> _Task goal_
From the data that follows, print exactly the lines starting at the one containing "STAR WARS Zero" and ending at the one containing "White Barrel Chandelier"; include both of them and nothing more.

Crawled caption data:
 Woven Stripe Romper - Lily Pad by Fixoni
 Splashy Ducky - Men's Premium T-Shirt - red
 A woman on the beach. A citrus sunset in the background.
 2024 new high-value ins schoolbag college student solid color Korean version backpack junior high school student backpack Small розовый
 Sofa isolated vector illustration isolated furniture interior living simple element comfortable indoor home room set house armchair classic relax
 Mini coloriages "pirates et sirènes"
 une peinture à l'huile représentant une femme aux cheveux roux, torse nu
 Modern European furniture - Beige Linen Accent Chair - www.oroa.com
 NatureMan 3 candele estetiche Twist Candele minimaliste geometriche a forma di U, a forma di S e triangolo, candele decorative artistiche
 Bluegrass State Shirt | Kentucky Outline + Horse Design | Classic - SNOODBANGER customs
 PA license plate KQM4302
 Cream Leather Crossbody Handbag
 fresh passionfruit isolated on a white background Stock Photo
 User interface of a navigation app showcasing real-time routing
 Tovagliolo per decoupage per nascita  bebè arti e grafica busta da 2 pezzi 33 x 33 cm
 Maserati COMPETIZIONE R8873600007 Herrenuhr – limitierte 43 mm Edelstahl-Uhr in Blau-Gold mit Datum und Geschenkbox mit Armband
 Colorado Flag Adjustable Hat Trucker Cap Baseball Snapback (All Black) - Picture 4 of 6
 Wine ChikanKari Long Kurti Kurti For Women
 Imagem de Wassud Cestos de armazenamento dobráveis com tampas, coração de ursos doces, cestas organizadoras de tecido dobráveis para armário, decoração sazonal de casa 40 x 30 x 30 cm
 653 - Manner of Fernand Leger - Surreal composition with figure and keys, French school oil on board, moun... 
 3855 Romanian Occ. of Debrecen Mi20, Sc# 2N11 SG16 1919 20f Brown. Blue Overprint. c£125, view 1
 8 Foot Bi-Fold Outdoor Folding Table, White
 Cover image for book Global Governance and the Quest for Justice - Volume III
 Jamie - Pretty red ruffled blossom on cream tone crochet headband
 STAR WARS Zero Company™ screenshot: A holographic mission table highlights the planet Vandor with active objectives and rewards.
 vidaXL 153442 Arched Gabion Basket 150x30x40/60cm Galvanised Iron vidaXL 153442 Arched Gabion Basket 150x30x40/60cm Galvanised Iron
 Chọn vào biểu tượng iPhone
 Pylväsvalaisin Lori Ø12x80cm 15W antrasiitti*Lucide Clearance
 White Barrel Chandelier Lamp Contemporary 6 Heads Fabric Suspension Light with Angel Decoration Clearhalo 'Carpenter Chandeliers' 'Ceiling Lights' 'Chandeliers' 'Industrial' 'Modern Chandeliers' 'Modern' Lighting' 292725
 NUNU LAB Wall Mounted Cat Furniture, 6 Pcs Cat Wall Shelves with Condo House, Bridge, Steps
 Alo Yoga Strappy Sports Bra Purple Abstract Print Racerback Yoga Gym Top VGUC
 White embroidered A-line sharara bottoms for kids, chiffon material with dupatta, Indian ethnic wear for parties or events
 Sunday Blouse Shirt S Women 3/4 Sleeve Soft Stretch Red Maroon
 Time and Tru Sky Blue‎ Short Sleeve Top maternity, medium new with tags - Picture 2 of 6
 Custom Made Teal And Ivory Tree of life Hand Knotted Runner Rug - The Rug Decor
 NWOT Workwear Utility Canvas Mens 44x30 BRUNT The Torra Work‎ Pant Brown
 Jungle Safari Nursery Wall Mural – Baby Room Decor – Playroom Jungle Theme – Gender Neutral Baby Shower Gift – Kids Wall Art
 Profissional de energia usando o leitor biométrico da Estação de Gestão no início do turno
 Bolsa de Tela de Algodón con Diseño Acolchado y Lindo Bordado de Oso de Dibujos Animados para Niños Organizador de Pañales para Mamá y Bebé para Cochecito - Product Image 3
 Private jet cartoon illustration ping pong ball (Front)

> _Written solution_
 STAR WARS Zero Company™ screenshot: A holographic mission table highlights the planet Vandor with active objectives and rewards.
 vidaXL 153442 Arched Gabion Basket 150x30x40/60cm Galvanised Iron vidaXL 153442 Arched Gabion Basket 150x30x40/60cm Galvanised Iron
 Chọn vào biểu tượng iPhone
 Pylväsvalaisin Lori Ø12x80cm 15W antrasiitti*Lucide Clearance
 White Barrel Chandelier Lamp Contemporary 6 Heads Fabric Suspension Light with Angel Decoration Clearhalo 'Carpenter Chandeliers' 'Ceiling Lights' 'Chandeliers' 'Industrial' 'Modern Chandeliers' 'Modern' Lighting' 292725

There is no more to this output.